Ожидание чуда, день восьмой
Мое родное Братаново, недавно узнавшее лампочку Ильича, еще хранило запахи керосина на всякий случай, сухих веток малины на чердаке от простуды, сена, щекочущее нос, туалета, где все отработанное летело вниз так долго, а потом плюхалось, будто щука в озере. Но самое странное - в деревне жила доброта, доставшаяся от первых братьев Березкиных. Видно, она была у них врожденная, как и березовая стройность и плакучесть. Уже и другие семьи разбавили нашу династию, но доброта, словно незнакомый вирус, не выводилась. Мальчишки всех возрастов и ростов дружили со мной, редкие девчонки строили глазки, осыпая юными горячими искорками, собаки виляли хвостами, побуждая меня тоже повилять чем-нибудь, лишь один жадный петух защищал свою семью - не случайно, он ведь видел своих жен, бегающих с отрубленными головами по двору.
Бабушка все время вспоминала добрую барыню, дарившую ей красивые платья, а война с мешком сухарей на случай прихода немцев забылась, будто и не было ее. Сын вернулся, и слава богу.
Ее младшая дочь, для меня просто Вера, ведь мы росли вместе пять лет, работала в совхозе: к пяти на дойку - далеко, на другой конец озера, потом косьба, спасибо трактору, уже не жала серпом рожь, а я помнил снопы на поле. Придет перед темнотой, сначала выпьет густой чай, наполовину с сахаром, вроде отлегло. А еще свое хозяйство немалое: поросенок, овцы, корова, куры, гуси. Все это больше на бабушке, но она все ниже наклоняет спину, уж и по ягоды не ходит, и за водой. Колодца нет, до озера под горку прилично шлепать, а как обратно? Коромысло совсем прижимает к земле.
- Да у тебя же зять уже давно, - кричат старухи.

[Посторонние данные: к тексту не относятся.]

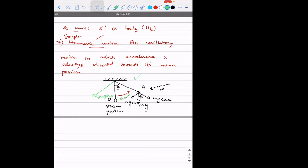If someone asks whether in one complete oscillation two harmonic motions are present — it is not like that. You need not break it into parts. If in every part of the oscillation the acceleration is directed towards the mean position, then that kind of motion is always simple harmonic in nature.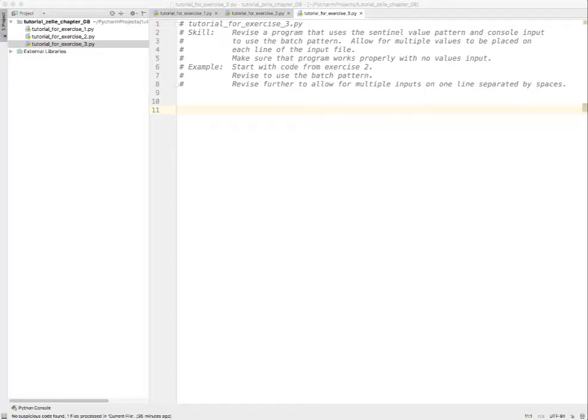Hi, this is Kevin. Welcome to my tutorial for exercise three in Zelle chapter eight. Just a reminder, these exercises are ones that I've created to replace the ones in the Zelle text, so they're not in the textbook. The skill we're trying to do this time is to take a program like the one we just did that is processing a series of integers entered at the console using a sentinel value pattern.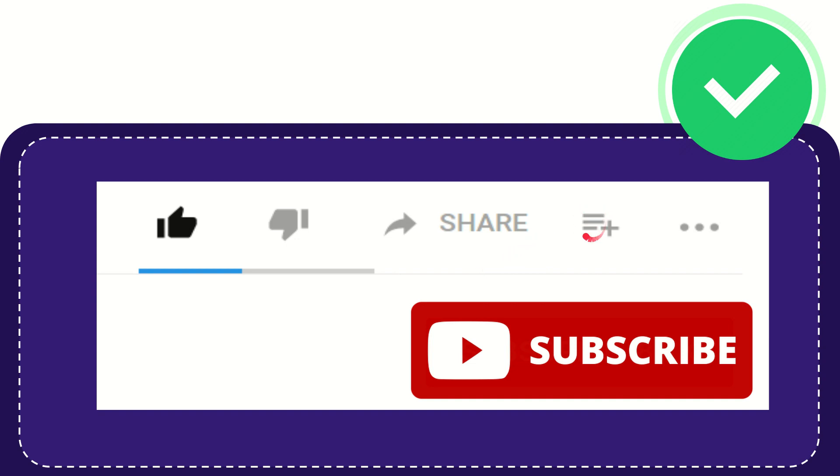And if you want to add this video to your playlist, you can click this one. You can watch this video later, and you can find more options by clicking these three dots.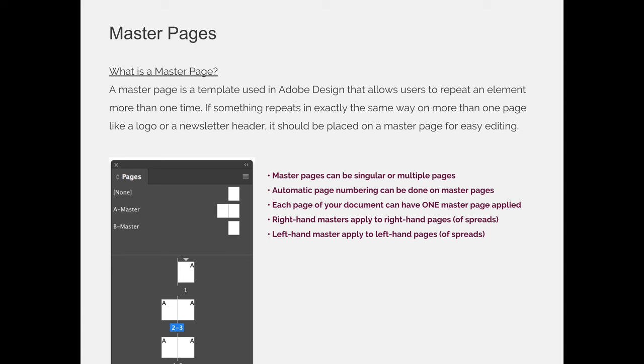It will just copy whatever is on master B in exactly the same place, location, size, etc. from the master page.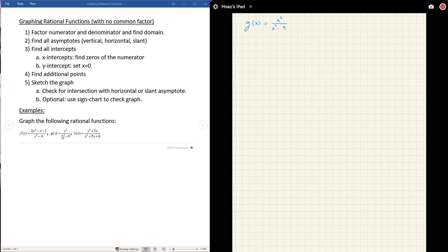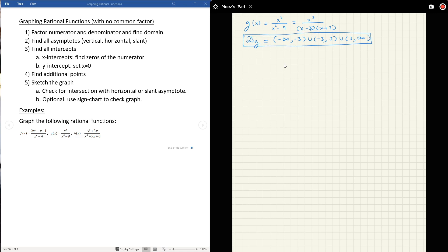Step one: factor. Can we factor anything on top? Not really — we just have x cubed. On the bottom, we have a difference of squares: x minus 3 times x plus 3. Now we need the domain. This function does not accept 3 or negative 3, because plugging those in makes the denominator zero. In interval notation, the domain excludes both negative 3 and 3.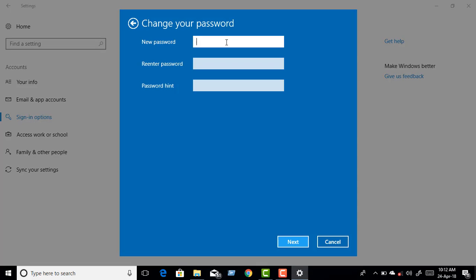Now enter your new password, then re-enter the password to confirm. Enter your password hint, then click Next.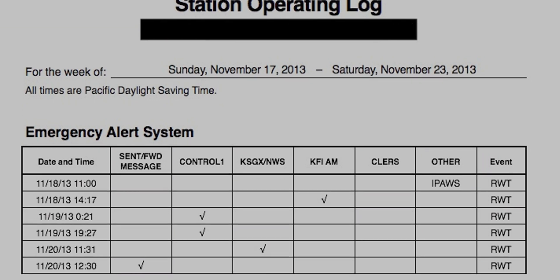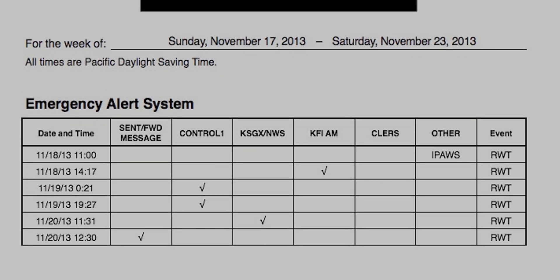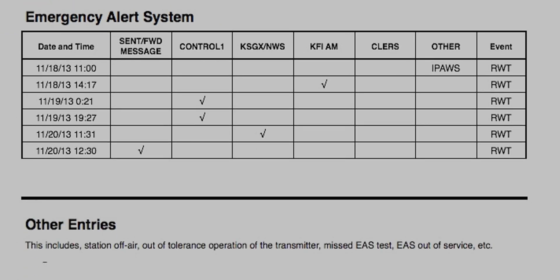Here's an example log based off of one that I used in my previous job. You'll notice a section for transmitter readings and a section for EAS activations, and one more section for notes about out-of-tolerance conditions or things like that. In this example, my EAS section was basically a printout from my EAS equipment that showed every received activation or test and every sent activation or test.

Но не упокоиться, как же я даром хлеб буду есть. Печка на ней, рано потрескивает, чугуны разных размеров переставляет ухватами, ворошит угольки. Здесь и для порося, и коровы, и нам что-то достанется. Баночки с творогом перекрещивает ножом, бабахи несладкие печет, картошечка в мундире - целый полк, а за хлебом я хожу - буханок десять в день все разжевывают: и двуногие, и четвероногие.

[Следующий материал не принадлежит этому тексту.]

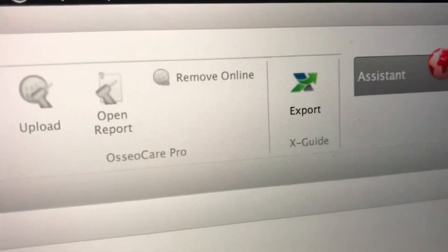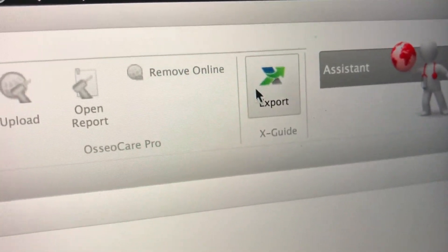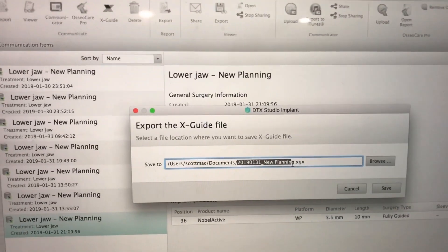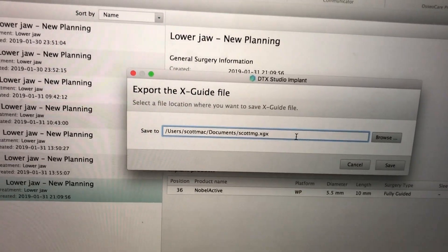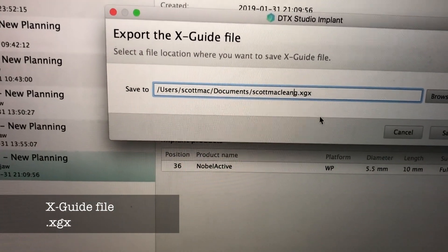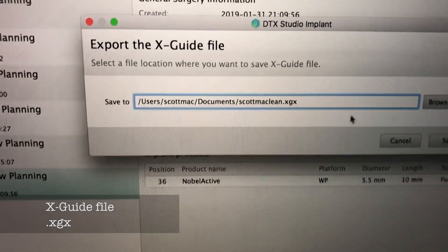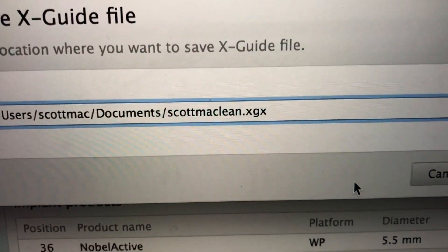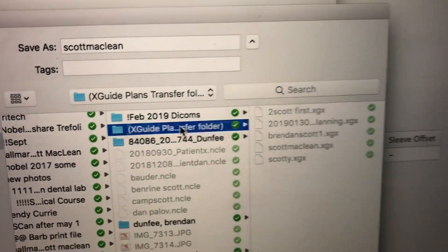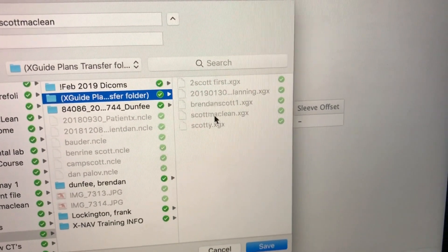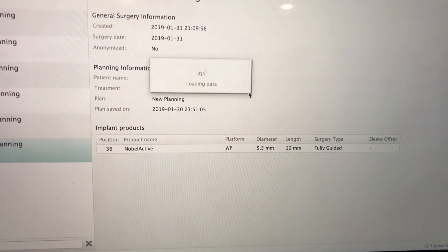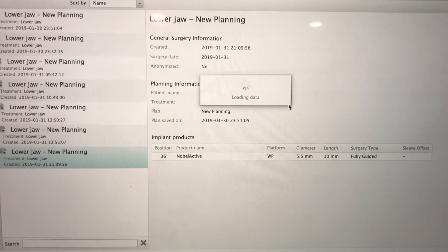You'll notice an export button. Because this file has now been created, we're going to export it over to the X-Guide. We'll click the export button and create a file name that has some meaning to us — in this case, I'm just going to put my name, Scott McLean, so it will say ScottMcLean.XGX, which is the X-Nav file we're going to use for navigation. We'll click save and this exports the X-Guide file. You're going to take this to a transfer folder, which brings you from your Windows or Mac environment into the Linux environment of the X-Guide. This is happening seamlessly between the three types of software systems.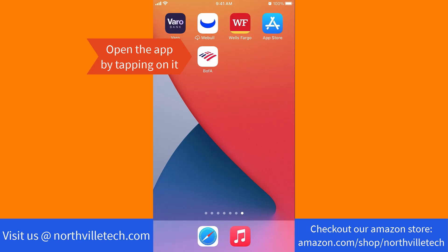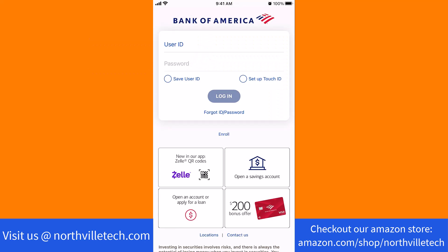Open the app by tapping on it. Now, log in with your user ID and password.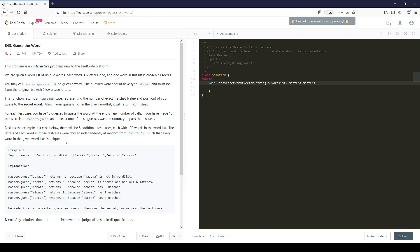Okay kids, we're here for 'Guess the Words' and it's marked as hard. Don't try this at home. It says this problem is an interactive problem new to the LeetCode platform. You're given a word list of unique words. Each word is six letters long and one word in this list is chosen as secret.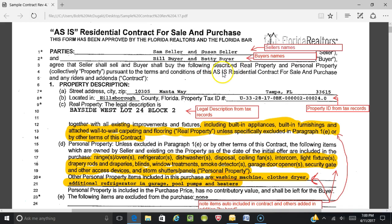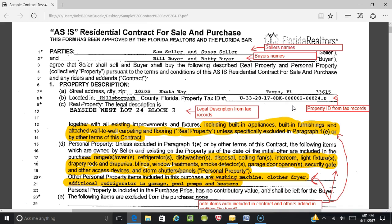The contract states the buyer shall buy the described real property and personal property, collectively called the property, pursuant to the terms and conditions of this residential contract for sale and purchase and any riders and addenda — this is called the contract. The property description section is pretty straightforward: here's the street address, the county, and the property tax ID. If you're using Form Simplicity or Transaction Desk, you can look up the property ID, click the populate button, and it should populate a portion of the information sheet, which then populates the proper fields in the contract package. Here is the legal description from the tax records.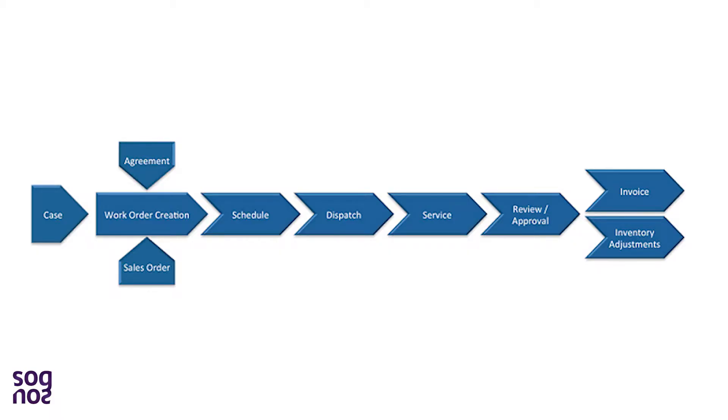A work order goes through a typical life cycle. When we generate the work order, it has the status of open and unscheduled. The work order then gets booked and scheduled with the resource. The resource has to have the particular skills in order to complete that request.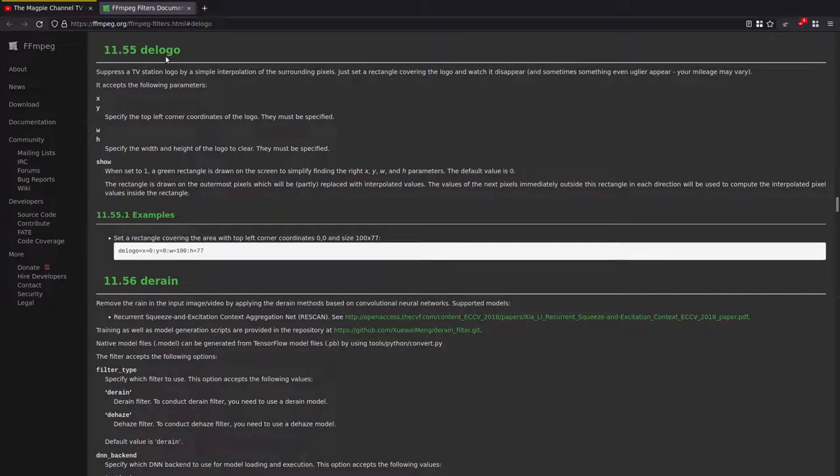In today's video I'm going to be covering how to remove TV logos and other objects from videos using the FFmpeg D logo filter.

Везу немного тушенки, но редко вижу ее в щах - они из крошева, разваренные, утомленные печкой, источающие неземной добрый аромат.

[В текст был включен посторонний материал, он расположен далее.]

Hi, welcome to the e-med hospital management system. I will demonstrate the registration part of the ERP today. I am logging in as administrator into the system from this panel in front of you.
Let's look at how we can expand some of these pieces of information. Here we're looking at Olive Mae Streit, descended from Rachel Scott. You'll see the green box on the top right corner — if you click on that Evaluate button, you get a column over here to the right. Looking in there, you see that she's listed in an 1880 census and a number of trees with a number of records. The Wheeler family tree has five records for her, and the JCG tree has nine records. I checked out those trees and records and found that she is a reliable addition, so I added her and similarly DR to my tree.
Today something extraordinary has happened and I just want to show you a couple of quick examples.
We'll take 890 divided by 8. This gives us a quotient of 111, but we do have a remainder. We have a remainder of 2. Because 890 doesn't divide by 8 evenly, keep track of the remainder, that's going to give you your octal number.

В этом году везу велосипед, точнее, он впереди меня багажом домчался, не терпится ему поколесить по лесным дорожкам. Здесь такие не продают, я сам выбрал в Гостином Дворе самый лучший и, уже ничего не боясь, приехал на нем к своему дому. Встречает Вера на лошади, телега скрипучая погружается в лужи на дороге, едва не скрывая нас под водой. А больше здесь ни на чем не проедишь, да и не докатились до нас еще машины, лишь цыгане иногда проходят мимо, и тогда все прячутся по домам.
Вера уже надеется, что буду помогать - коров пасти некому, огород поливать, за хлебом теперь можно на велике, даже на станцию, когда поближе не завезут. Я в коконе из полушубка лежу, слушаю, едва сдерживаясь, чтобы не вылететь в этот первобытный мир, куда еще ничегошеньки не дошло из городских заморочек. Вот и головы ни у кого не болят, только спины, ведь города кричат: давай, давай, кормите нас!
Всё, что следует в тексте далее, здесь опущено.